Alle Taten und alle Tätigkeiten vergehen und nur in der Ruhe, in der Vergebung gibt es für uns das Himmelreich, die Rückkehr zur Wurzel, zu unserem eigenen Schicksal.
Nur in der Ruhe können wir den Weg zurück ins Paradies erkennen und uns so die Möglichkeit eröffnen die Früchte vom Baum des Lebens zu essen. Jeder Mensch ist selbst Weg und Reisender in einem, denn in ihm ist der Weg, den er zu gehen hat und sein Ziel ist der Weg.
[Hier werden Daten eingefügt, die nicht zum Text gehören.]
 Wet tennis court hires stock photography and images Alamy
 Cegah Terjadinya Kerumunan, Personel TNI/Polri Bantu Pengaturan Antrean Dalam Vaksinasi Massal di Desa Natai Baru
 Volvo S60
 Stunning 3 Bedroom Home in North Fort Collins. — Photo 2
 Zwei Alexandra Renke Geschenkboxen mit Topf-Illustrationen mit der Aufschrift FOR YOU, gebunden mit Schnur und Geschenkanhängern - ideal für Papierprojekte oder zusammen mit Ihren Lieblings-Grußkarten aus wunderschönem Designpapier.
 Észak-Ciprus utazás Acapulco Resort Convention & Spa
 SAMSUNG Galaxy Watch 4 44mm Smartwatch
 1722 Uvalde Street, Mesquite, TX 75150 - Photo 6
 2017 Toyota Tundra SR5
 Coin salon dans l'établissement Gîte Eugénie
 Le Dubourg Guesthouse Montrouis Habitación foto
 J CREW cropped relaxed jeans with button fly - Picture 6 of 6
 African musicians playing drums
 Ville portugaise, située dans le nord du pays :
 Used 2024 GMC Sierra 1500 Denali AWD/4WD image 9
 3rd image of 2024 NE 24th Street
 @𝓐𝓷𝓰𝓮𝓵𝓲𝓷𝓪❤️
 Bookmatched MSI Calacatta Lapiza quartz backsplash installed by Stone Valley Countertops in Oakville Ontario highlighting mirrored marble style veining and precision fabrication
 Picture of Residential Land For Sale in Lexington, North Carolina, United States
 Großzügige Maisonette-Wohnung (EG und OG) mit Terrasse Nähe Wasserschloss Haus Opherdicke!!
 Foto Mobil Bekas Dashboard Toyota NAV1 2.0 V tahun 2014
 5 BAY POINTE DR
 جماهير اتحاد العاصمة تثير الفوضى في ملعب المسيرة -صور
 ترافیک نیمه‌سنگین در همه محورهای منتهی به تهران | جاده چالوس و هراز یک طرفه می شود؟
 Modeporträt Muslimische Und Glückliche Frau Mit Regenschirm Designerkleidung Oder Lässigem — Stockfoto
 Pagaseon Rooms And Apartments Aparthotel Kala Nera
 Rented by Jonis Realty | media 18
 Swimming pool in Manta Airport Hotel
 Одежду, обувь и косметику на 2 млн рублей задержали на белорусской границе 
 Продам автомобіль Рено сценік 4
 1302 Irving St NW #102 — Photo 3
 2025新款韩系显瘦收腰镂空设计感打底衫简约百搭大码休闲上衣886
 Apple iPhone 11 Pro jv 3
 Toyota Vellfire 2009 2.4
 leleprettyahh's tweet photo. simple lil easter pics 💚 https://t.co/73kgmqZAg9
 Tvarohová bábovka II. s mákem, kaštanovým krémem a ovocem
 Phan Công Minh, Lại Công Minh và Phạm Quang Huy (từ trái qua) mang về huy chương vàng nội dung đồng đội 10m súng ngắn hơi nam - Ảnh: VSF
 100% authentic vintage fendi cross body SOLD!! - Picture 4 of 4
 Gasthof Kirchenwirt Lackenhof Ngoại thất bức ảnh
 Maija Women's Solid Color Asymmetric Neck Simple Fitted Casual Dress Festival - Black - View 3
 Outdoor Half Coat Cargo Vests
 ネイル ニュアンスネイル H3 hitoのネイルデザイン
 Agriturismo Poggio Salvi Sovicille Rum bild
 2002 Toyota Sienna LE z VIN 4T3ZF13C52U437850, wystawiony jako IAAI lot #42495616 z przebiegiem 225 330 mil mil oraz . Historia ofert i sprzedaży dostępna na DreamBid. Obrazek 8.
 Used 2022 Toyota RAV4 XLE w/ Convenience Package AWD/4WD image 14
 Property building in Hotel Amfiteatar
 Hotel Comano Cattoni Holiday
Die Vergebung unserer Schuld heißt, den Weg zu erkennen, denn erst wenn mir vergeben ist, kann ich mich von Schuldgefühlen frei machen und das Notwendige tun, das auch darin besteht, den Ballast abzuwerfen, den ich mir als ein Gerechter aufgeladen habe und somit vergebe auch ich meinen Schuldigern und bin frei.